Pitch Perfect

machine learning
lightGBM
visualizations
baseball
MLB
ensemble
sports analytics
Published

April 24, 2024

Photo by Chris Chow on Unsplash

Hitting a game-winning homer is a classic childhood dream. But for me, most of my childhood baseball fantasies came not with a bat in hand, but from the mound. In my imagination, there’d be few things more satisfying than having “stuff” so mind-bending, hitters could do little more than gawk in stunned silence as the ball idled to just the right spot, and walk back to the dugout in ignominy.

Cut to the present, and my best “stuff” is the Double Stuf Oreos pack stashed in my pantry, but I remain awed by the skill of the pitchers today. While watching, I do still wonder, with the vast array of pitches at their disposal, which are the ones that best freeze a batter in place? Are they the fastest ones that leave precious little reaction time and little hope of contact? Or perhaps those with such bewitching rotation that a hitter has no faith in predicting where it will end up? Inspired by Julia Silge’s exercise in home run prediction, as well as some other tasks I’ve been involved with, I engaged in a bit of machine learning to come up with an answer.

Study Question

Which Pitches are Most Effective in Netting Called Third Strikes?

Data

Baseball has long been at the forefront of sports analytics, and the current built-in infrastructure (e.g. multiple high-FPS Hawkeye cameras) for data collection and reporting is nothing short of impressive. Statcast is particularly useful because it collates an impressive array of variables related to each pitch thrown in the major leagues. The R package baseballR has some handy functions to query data frames from the Baseball Savant interface.

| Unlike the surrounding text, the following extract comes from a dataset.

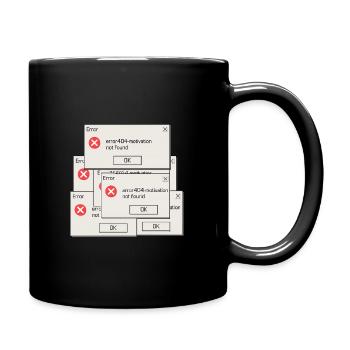 404 Motivation not found - Full Colour Mug - black - Right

The Baseball Savant database conveniently pairs the observed physical pitch characteristics (spin rate, location) with situational characteristics like current count and score. With all this pitch-level data available in one place, it shouldn’t be difficult to train a prediction model.

A little background research tells me that the decision to swing is made in the first 100 milliseconds. As such, the hitter has to identify a pitch to some extent by its exit velocity, perceived rotation and release location. Once a guess is made, the hitter must then decide if it’s worth swinging at based on where they think it will end up based on their prior knowledge from scouting reports, prior pitches in the game, and to what degree the situation calls for being defensive. I’d imagine an assessment of their own ability to make contact factors in as well.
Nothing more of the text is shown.